Work instructions:
Print, exactly as they stand, the lines below from the one that has "The image on" to the one that has "New Lung Cancer", inclusive, leaving out the pictures.

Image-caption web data

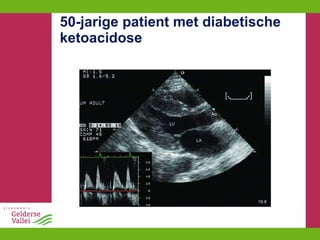 50-jarige patient met diabetische ketoacidose 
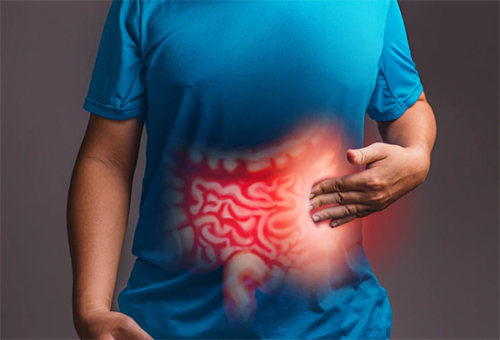 Irritable Bowel Syndrome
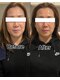 シェリー(SHELLY)の写真/【小顔×肌質改善】肩甲骨や首・肩・顔の筋肉をほぐして骨格までアプローチ。ハーブピーリングと相性抜群。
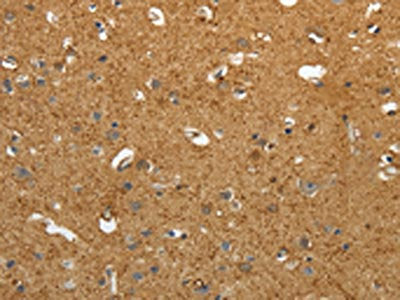 The image on the left is immunohistochemistry of paraffin-embedded Human brain tissue using CSB-PA610964(AKAP12 Antibody) at dilution 1/40, on the right is treated with synthetic peptide. (Original magnification: ×200)
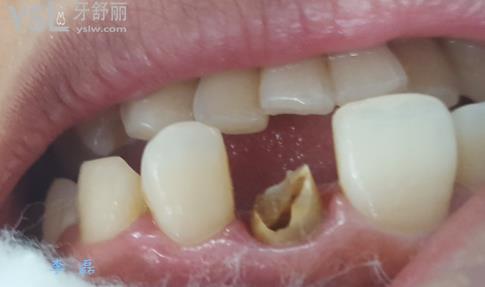 爛牙根十年了很臭怎么辦？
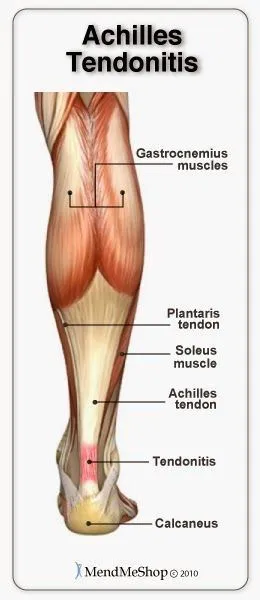 A scientific illustration by Op. Dr. Halil Buldu explaining in detail what an Achilles rupture is.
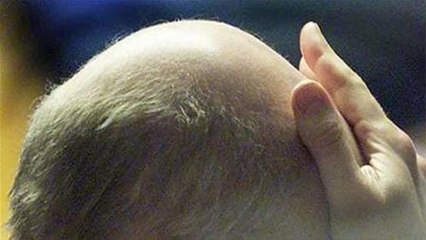 Corona Virus से आखिर क्यों है गंजे लोगों को ज्यादा खतरा | Corona Virus is Dangerous for Bald People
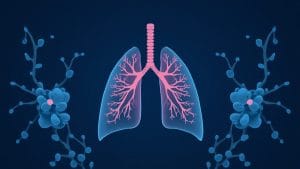 New Lung Cancer Drug Shows Promise as First-Line Treatment, Says Research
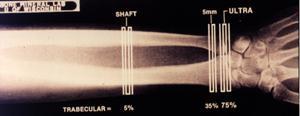 Anatomy of the Forearm Ulna Ulna styloid Radius 33% Shaft 5 mm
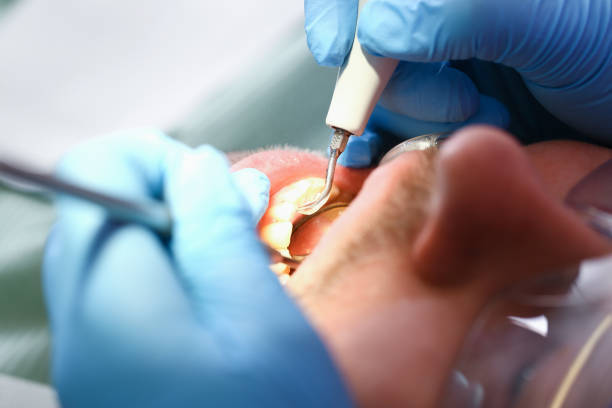 Best Mobile Emergency Dentist in Friendship Heights Village, MD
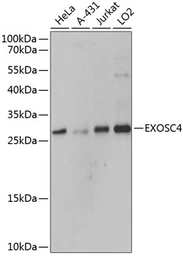 Anti-EXOSC4 antibody used in Western Blot (WB). GTX65547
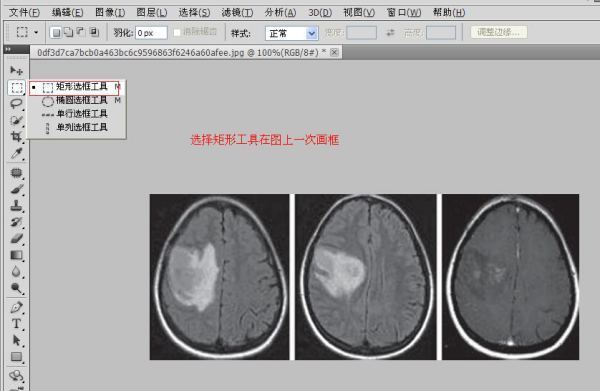 word肿么在图片上面加方框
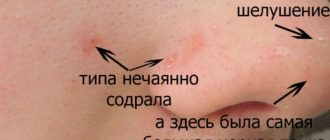 Нечаянно при умывании содрала прыщ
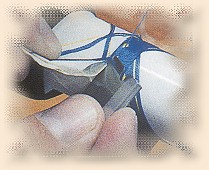 Procedures fully illustrated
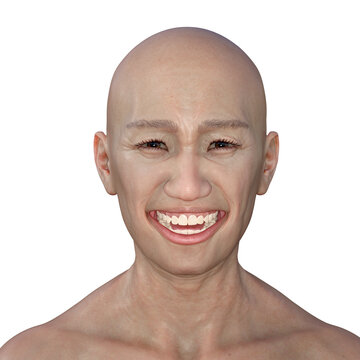 A 3D illustration depicting a person suffering from tetanus, shown with lockjaw symptom, also known as trismus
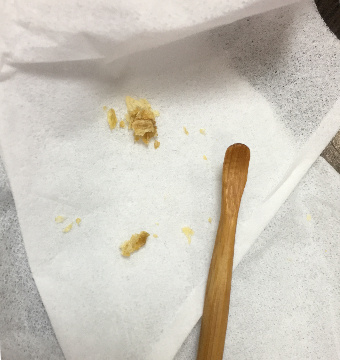 子供の耳の聞こえが悪い 大量の耳垢をとったら ゆるゆるスマイル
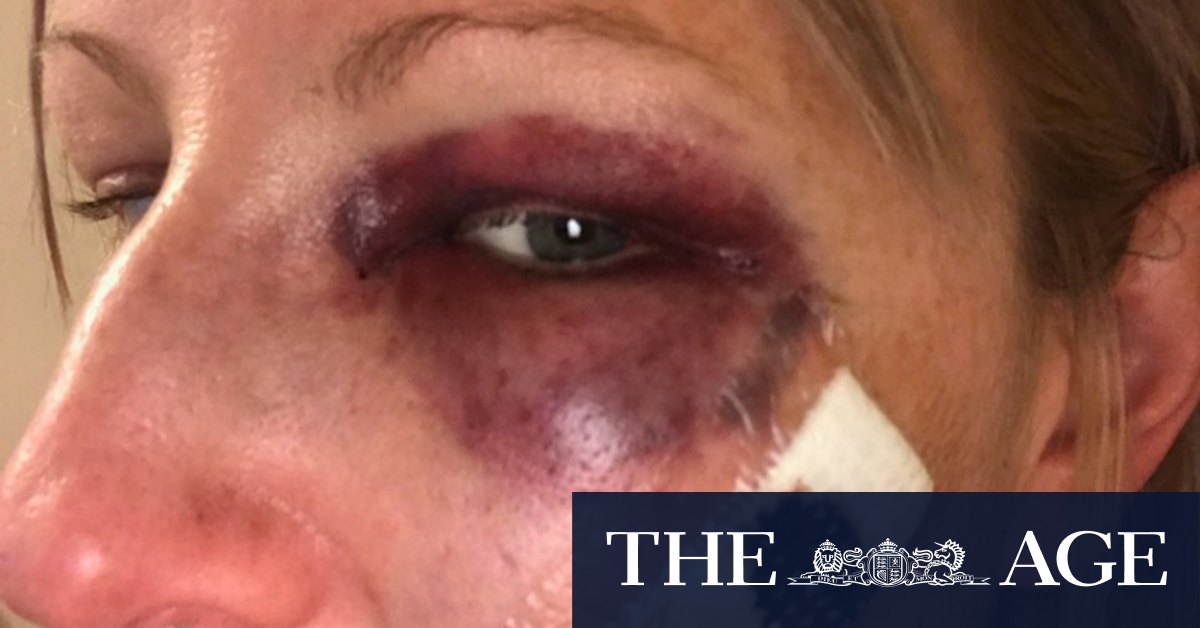 IBAC to review police investigation of police officer who punched woman - Vimarsana News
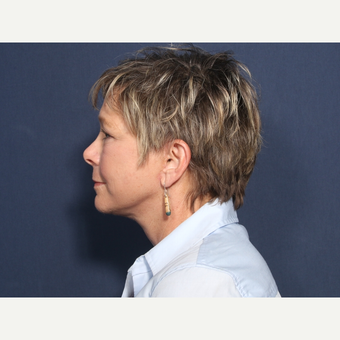 55-64 year old woman treated with Neck Lift (view 2 of 2) after 3175426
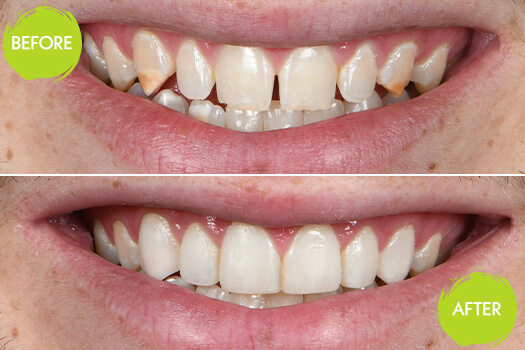 Veneers Casey Dentists 17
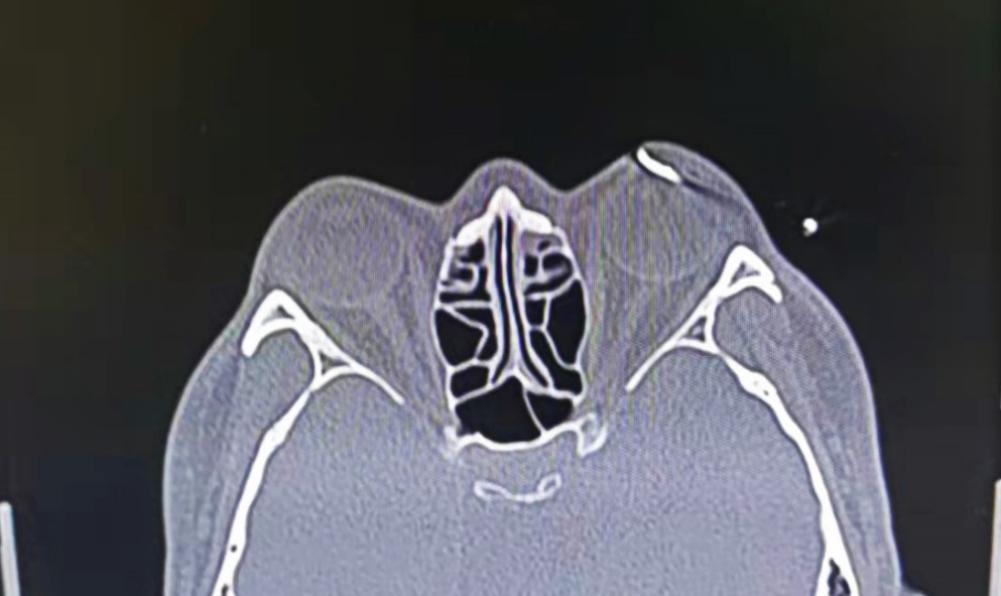 ct示左侧眼球晶状体前可见条状高密度异物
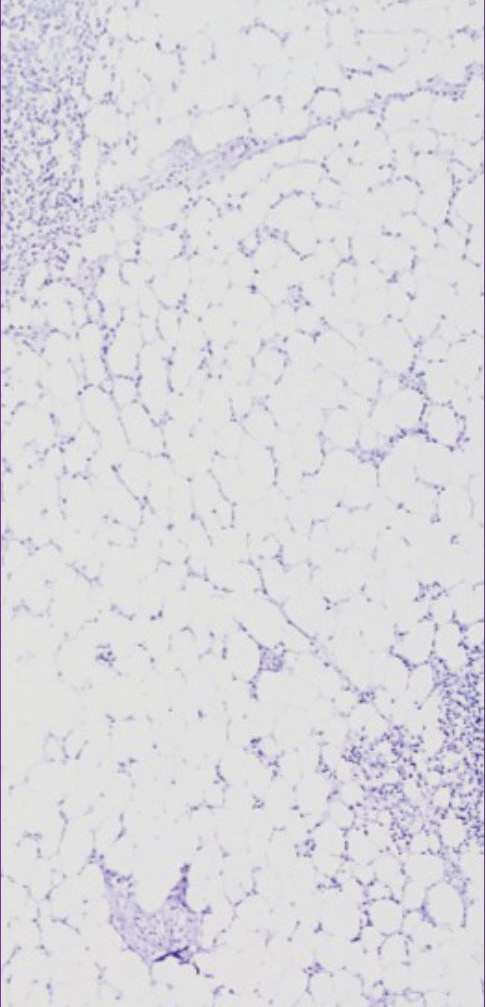 VectaPlex™ Antibody Removal Kit  ——简化您的多重免疫荧光(mIHC)染色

Answer section:
 The image on the left is immunohistochemistry of paraffin-embedded Human brain tissue using CSB-PA610964(AKAP12 Antibody) at dilution 1/40, on the right is treated with synthetic peptide. (Original magnification: ×200)
 爛牙根十年了很臭怎么辦？
 A scientific illustration by Op. Dr. Halil Buldu explaining in detail what an Achilles rupture is.
 Corona Virus से आखिर क्यों है गंजे लोगों को ज्यादा खतरा | Corona Virus is Dangerous for Bald People
 New Lung Cancer Drug Shows Promise as First-Line Treatment, Says Research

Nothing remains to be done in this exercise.